COMMENT: The former Juventus coach has sent a clear message to the enigmatic striker that he will have to change his attitude if he is to have a future with the Azzurri
By Mark Doyle
Two days before announcing his first squad as Italy coach, Antonio Conte declared: “The man counts more than the player. I have always relied on men.” For Mario Balotelli, the Peter Pan of Italian football, that was only ever going to mean one thing: exclusion.
The decision to leave the forward out of the 27-strong panel for Thursday’s friendly with Netherlands and next week’s Euro 2016 qualification opener against Norway still made headlines, of course. Everything Balotelli does has long been considered news in Italy. He is a journalist’s dream and a coach’s nightmare.
Jose Mourinho found him “unmanageable” during their time together at Inter, while it is extremely telling that new AC Milan boss Pippo Inzaghi was not in the least bit perturbed to see the striker sold to Liverpool before the close of the summer transfer window, arguing that what the Rossoneri would lose in talent, they would gain in team spirit.
Conte’s predecessor, Cesare Prandelli, long felt that good outweighed the bad as far as Balotelli concerned. The former Italy coach coaxed some sensational performances out of the Brescia native during his four-year spell in charge, most notably at Euro 2012, but even he was eventually let down by Balotelli, who became a divisive presence within the squad during this summer’s World Cup in Brazil.
Prandelli belatedly accepted that Balotelli was a liability – both on and off the field; a forward just as adept at tearing a dressing room apart as a defence. As Ignazio Abate, who has played alongside Balotelli for both Milan and Italy, said on Sunday, “Mario is a truly great player, but he needs to improve in other areas.”
By leaving Balotelli out of his first squad, Conte has now made an instant statement of intent: the team comes first. Players will no longer be picked on what they might do as an individual, but what they will do for the collective. The new Italy boss will always pick perspiration over potential.
“You can have talent but if you don’t put yourself at the service of the team, it doesn’t interest me,” the former Juventus boss stated.
Conte has also made much of the fact that players will have to earn their place in his squad; that reputations or past successes count for nothing. “I don’t gift anything to anyone and I have also said this to the boys,” he explained. “Nobody has ever gifted me anything in life. I have had to struggle to get here.
“There is no preclusion against anyone. But one has to reach the national team on merit.”
However, Conte’s alleged meritocracy is already under scrutiny, as he included Sebastian Giovinco and Pablo Daniel Osvaldo in his original squad, before then calling up Fabio Quagliarella when Osvaldo was forced to withdraw through injury.
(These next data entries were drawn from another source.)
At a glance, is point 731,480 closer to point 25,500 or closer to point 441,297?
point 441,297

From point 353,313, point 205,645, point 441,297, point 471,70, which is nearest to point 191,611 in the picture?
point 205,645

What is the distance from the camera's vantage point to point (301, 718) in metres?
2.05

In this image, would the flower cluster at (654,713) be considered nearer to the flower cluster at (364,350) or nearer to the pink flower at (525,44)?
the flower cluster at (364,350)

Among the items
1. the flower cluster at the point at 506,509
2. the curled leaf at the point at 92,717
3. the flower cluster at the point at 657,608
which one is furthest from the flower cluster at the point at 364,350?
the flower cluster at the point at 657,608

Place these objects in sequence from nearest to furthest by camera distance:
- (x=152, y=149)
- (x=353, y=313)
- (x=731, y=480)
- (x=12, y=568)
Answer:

Those three forwards managed four Serie A goals between them last season. Balotelli, by contrast, hit 14.
Crucially, though, the thing that Giovinco, Osvaldo and Quagliarella have in common – other than dreadful recent records in front of goal – is that they all played under Conte at Juventus last season. Not one of them saw regular game time yet it is worth noting that Quagliarella revealed after his first call-up to the Italy squad in November 2010 that he always enjoyed a fine working relationship with Conte – despite never having been anything more than an impact sub during the coach’s three-year stint in Turin.
In that context, while Conte claims that he was not sending a message to Balotelli, it is hard to interpret it as anything but. The 45-year-old has made it clear that he would rather have three players he did not even deem good enough for a starting berth at Juventus in his Italy squad ahead of Balotelli.
The 24-year-old could react with characteristic petulance to such an insult. Or he could take it like a man. If he’s to have any chance of an Italy recall under Conte’s stewardship, it will have to be the latter.